Note- This piece is not a critique of culture, but a reflection on silence, freedom, and who gets heard.

Today I watched the limited series Unorthodox.
If you haven’t watched it yet, maybe do that first and then read this piece.

You know what I noticed in the series?
Whoever Esty (Esther Shapiro) met, they were kind to her. Helpful to her. Everyone outside her community helped her in some way. So it was a them problem, not a her problem.

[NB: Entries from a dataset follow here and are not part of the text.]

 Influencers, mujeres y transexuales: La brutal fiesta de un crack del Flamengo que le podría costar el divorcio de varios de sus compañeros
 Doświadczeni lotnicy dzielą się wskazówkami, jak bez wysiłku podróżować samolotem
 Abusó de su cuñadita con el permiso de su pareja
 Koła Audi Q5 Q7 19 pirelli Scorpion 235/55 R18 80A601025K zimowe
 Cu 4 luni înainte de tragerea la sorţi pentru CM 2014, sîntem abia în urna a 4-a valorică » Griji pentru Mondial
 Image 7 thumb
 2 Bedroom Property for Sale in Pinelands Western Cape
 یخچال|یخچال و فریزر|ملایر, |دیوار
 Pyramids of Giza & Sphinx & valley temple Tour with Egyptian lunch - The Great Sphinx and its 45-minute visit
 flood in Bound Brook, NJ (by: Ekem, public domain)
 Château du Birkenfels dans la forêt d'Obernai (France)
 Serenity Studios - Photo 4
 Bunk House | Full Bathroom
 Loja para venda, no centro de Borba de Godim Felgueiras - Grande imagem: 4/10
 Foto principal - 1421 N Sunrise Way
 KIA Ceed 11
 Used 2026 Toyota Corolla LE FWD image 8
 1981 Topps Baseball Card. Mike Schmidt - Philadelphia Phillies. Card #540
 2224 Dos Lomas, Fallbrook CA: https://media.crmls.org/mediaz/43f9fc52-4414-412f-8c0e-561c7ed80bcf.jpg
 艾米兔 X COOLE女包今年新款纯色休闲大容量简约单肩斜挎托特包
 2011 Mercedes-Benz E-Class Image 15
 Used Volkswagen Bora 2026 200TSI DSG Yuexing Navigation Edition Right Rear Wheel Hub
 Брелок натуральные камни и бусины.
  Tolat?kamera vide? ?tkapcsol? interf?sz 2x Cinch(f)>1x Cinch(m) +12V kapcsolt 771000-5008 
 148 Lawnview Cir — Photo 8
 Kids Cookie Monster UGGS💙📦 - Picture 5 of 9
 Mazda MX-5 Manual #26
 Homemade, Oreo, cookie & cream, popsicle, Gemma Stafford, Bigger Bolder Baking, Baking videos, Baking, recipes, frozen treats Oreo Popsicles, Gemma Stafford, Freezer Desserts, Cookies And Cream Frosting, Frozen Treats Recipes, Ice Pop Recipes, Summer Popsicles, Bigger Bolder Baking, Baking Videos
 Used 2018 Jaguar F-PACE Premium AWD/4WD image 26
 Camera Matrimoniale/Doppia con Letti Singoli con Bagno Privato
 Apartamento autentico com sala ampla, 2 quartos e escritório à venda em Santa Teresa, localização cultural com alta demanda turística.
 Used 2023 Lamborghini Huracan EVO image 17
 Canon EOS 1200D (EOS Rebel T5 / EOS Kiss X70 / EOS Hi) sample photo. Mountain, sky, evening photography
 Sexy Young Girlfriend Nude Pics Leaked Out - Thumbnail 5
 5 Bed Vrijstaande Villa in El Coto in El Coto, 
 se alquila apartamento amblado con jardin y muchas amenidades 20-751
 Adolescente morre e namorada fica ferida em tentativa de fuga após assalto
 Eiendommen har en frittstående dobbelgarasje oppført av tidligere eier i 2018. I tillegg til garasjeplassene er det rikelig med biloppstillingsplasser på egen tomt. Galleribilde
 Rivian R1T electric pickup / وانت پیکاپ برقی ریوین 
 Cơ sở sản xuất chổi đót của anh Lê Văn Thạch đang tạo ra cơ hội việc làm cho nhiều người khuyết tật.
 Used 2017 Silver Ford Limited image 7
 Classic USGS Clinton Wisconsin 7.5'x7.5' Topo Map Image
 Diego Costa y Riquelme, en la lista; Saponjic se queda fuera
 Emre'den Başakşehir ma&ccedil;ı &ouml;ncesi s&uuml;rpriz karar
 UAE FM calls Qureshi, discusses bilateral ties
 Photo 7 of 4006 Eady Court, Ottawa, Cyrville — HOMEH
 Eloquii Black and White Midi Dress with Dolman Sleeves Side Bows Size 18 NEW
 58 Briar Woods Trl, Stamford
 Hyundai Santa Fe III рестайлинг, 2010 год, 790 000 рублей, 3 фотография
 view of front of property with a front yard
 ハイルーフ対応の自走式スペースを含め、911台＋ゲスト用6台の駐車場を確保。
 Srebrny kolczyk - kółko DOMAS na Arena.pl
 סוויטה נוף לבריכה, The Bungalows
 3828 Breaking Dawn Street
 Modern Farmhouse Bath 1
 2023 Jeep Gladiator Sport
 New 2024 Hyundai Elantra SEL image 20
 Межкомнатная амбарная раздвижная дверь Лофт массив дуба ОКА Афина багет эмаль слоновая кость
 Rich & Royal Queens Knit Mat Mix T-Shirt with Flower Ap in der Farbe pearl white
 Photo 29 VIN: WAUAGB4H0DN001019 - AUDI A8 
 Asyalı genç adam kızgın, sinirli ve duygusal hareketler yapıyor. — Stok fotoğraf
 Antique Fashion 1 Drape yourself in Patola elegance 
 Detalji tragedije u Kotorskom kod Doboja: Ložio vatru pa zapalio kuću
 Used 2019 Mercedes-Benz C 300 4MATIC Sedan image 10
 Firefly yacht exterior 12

Let me show you what I mean.

Her piano teacher — in their very first meeting — offered to teach her and helped her get away from that place.
The pawnshop owner, where Esty sold her jewellery, gave her a better deal. Why? Just because.
After reaching Berlin, the first guy she met became her closest friend and helped her in so many ways.
The friends she met through him also helped Esty in different ways, even though she offered nothing except her presence.
And I almost forgot the orchestra teacher in Berlin, who introduced her to the scholarship programme that could help her live there. She didn’t have to say much — he understood just by looking into her eyes that she needed help.

Can you see that?

Wherever she went, it felt like people were already present to help her. And the thing is, she didn’t have to use words — they heard her just by looking into her eyes.
Only the people from her own community — not a single one of them understood her. None of them offered the help she was so clearly and loudly asking for.

How ironic is that?
That community needed her more than she needed them, and still managed to fill her life with sorrow.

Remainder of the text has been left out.